A federal judge has refused to throw out felony abuse of power charges against cowboy hat-wearing former Texas Gov. Rick Perry on Tuesday, leading him to announce on Wednesday that the looming criminal case won't affect his presidential run in 2016.
The Associated Press reports that Perry referred to the charges as the "criminalization of politics" and said that he would be certain of his presidential campaign status by the "May-June timetable." It's a major headache for Perry, and will almost certainly derail his already-shaky 2016 ambitions. Technically, the former governor is now more likely to end up in the big house than the White House.

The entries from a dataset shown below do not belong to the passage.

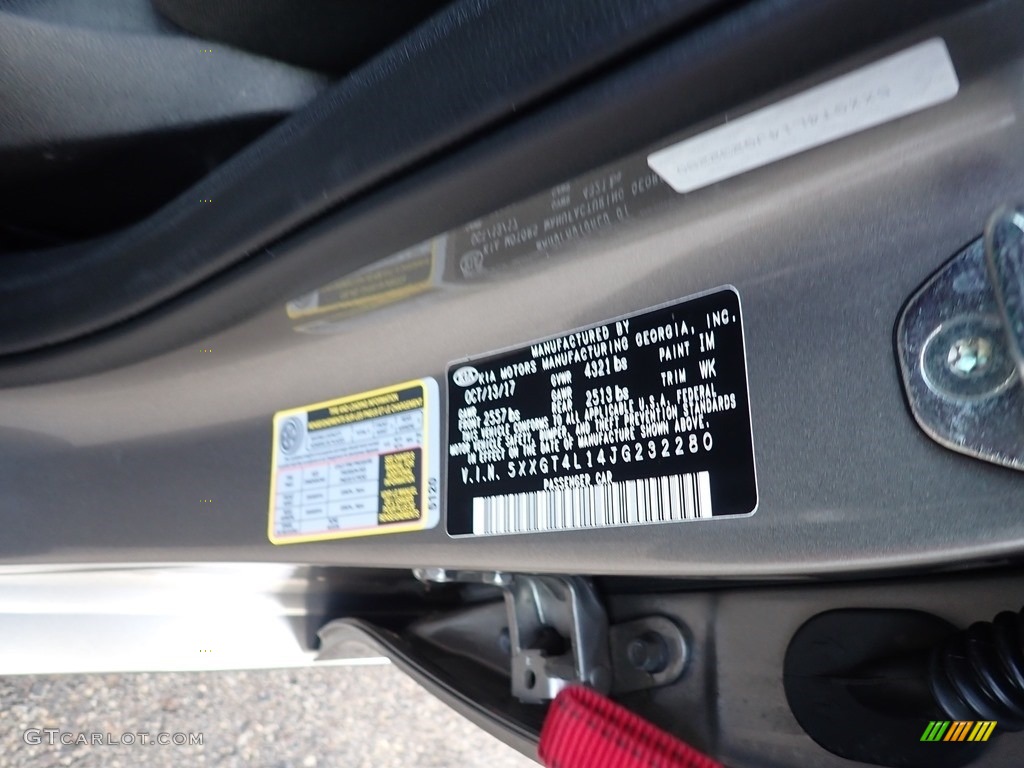 2018 Optima Color Code IM for Titanium Silver Photo #140771228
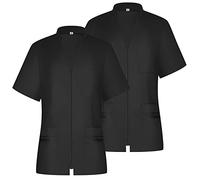 Misemiya - Paquets 2 Unités - Chemise SANITAIRE Femme - Uniforme SANITAIRE - Uniforme D'HOSPITALITÉ 712 - Medium, Noir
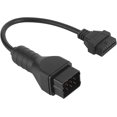 thumbnail image 1 of Car Diagnostic Cable 12 Pin to 16 Pin OBD2 Connector Adapter Extension Car Accessories for Renault, 1 of 5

The background: The charges are related to a 2013 incident in which then-Gov. Perry publicly threatened to veto $7.5 million in funding for the public corruption division headed by Travis County D.A. Rosemary Lehmberg, who had recently been convicted of drunken driving. Perry told Lehmberg, a Democrat whose unit is prosecuting former Rep. Tom Delay and has repeatedly incurred the wrath of Texas Republicans, to resign "or else." In doing so, he may have violated state laws that ban coercing or bribing public officials. The maximum jail time for the twin charges of abuse of official capacity and coercion of a public servant is a combined 109 years.
Both Republicans and Democrats seem to be skeptical of the charges, calling them an ill-advised ploy to draw Perry into a politically motivated prosecution. But the Daily Beast's Dean Obeidallah wrote that the case is more likely to result in a conviction than either the New York Times or Briebart have assumed.
"Criminal defense lawyers I spoke to, who are in the legal trenches on a daily basis, made it clear to me that this case could result in a conviction," Obeidallah writes. "And the Texas Observer, which has been following this story far before the national media, agrees."
The refusal to dismiss makes it much more likely that Perry will go to trial, obliterating his chances of another presidential run in 2016. As Obeidallah notes, about six governors have been sent to prison in the past 20 years, so no one should be surprised if the punishment facing Perry, if he's convicted, ends up being more severe than previously assumed.
Goodbye, Perry: Even if the case fails to pan out, it's sure to do immense damage to Perry's already-flagging poll numbers — which Public Policy Polling estimated stood at just 7% among Republicans in December. He made a strong showing at the recent Iowa Freedom Summit, but it's probably too little, too late. After a supremely embarrassing 2012 campaign in which he forgot which three federal departments he'd cut from the budget and ran strange anti-gay ads that backfired big time, Perry would need a flawless comeback to remove the bad aftertaste lingering in the public's mouth.
Unfortunately for Perry, as the Texas Tribune's Ross Ramsey writes, "Just as he is gaining some credibility, he is running out of time." The all-important Iowa straw poll is in August, followed thereafter by next year's January caucuses. The governor still has an appeals process to go through, but Perry's legal team might only succeed in delaying the inevitable right into the middle of campaign season.
This horse might not be dead yet, but it's busy being beaten. 2016 just got a lot harder for Perry, which is good for everyone who still enjoys having departments of Commerce, Education and — uh, oh yeah, Energy — in four years.